Alors que de nombreuses personnes célèbrent aujourd’hui leur citoyenneté australienne fraîchement acquise, d’autres se demandent s’ils auront la possibilité encore la possibilité un jour d’en faire autant.

Avec la nouvelle année parlementaire qui débute, le gouvernement espère de nouveau faire voter une loi durcissant les conditions d’accès à la citoyenneté australienne. Le projet de loi proposé par le gouvernement dès avril 2017 avait été retoqué par le Sénat en fin d’année dernière.  Il prévoyait entre autres une période d’attente de quatre ans au lieu d’un an pour pouvoir demander la citoyenneté lorsqu’on est résident permanent, et l’obligation de passer un test d’anglais de niveau universitaire. D’après le ministre de la Citoyenneté et des Affaires Multiculturelles Alan Tudge, le nouveau projet tient compte de certaines remarques, ce qui pourrait permettre une adoption plus facile. L’objectif de cette proposition de loi reste le même : « Nous voulons garantir à nos nouveaux citoyens toutes les chances de saisir les opportunités dans notre pays s’ils ont un niveau d’anglais suffisant et s’ils sont intégrés à la communauté. » Des négociations sont en cours avec le Labor Party, qui dit vouloir s’opposer à toute loi « refusant à des personnes qui feraient de bons citoyens australiens l’accès à la nationalité. » Quant au parti NXT (Nick Xeophon Team), dont la position sera déterminante, il souhaite que le niveau d’anglais ne soit pas relevé et que les dossiers en cours ne soient pas affectés par le changement de législation.

Le ministre a confirmé que le gouvernement souhaitait réduire les exigences concernant le niveau d’anglais, en requérant un niveau « modeste » plutôt que « compétent ». Par ailleurs, il a assuré que les personnes ayant déposé leur demande de citoyenneté avant le 1er juillet de cette année ne seraient pas concernés par un changement de législation.

 

La fin du visa 457

Un autre changement majeur est attendu en 2018 : en mars, le très prisé visa de travail 457, délivré pour une période de 4 ans, sera remplacé par un autre type de visa qui réduit considérablement les opportunités d’obtenir la résidence permanente. La durée du nouveau visa de travail sera en effet limitée à 2 ans, sauf pour 200 types d’emploi bien spécifiques.

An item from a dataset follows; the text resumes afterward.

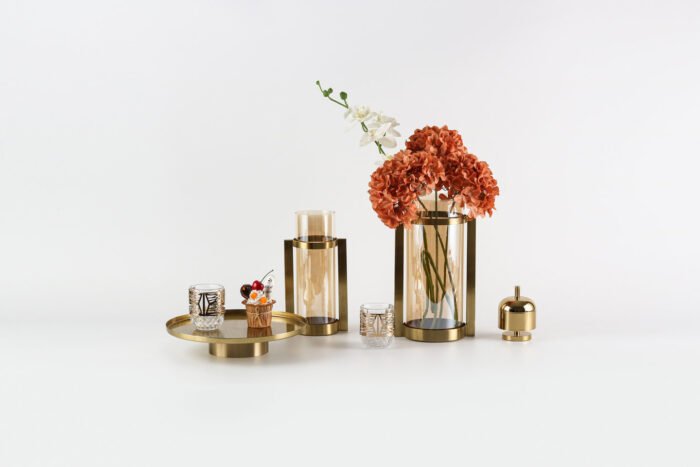 Modern gold display tray with elevated base and decorative items.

Anna Boucher est maître de conférence en politique publique à l’université de Sydney. Elle explique : « Autrefois, le visa 457 était un point d’entrée majeur dans le processus d’acquisition de la résidence permanente, en particulier par le sponsoring d’un employeur. A présent, ceux en possession du nouveau visa de 2 ans n’auront plus cette possibilité et devront changer de visa, par exemple en demandant un visa étudiant, se former et refaire une demande. Nous devrions ainsi voir une forte augmentation du nombre de résidents temporaires longue durée. »

Selon certaines sources, les personnes qui ne pourront obtenir la résidence permanente commencent à se tourner vers la Nouvelle-Zélande. Mais cette possibilité pourrait bien se réduire également. La première ministre de Nouvelle-Zélande, Jacinda Ardern, a déjà annoncé un projet de durcissement des tests pour la délivrance de visas de travail afin que les migrants ne viennent pas prendre des postes que des locaux pourraient occuper.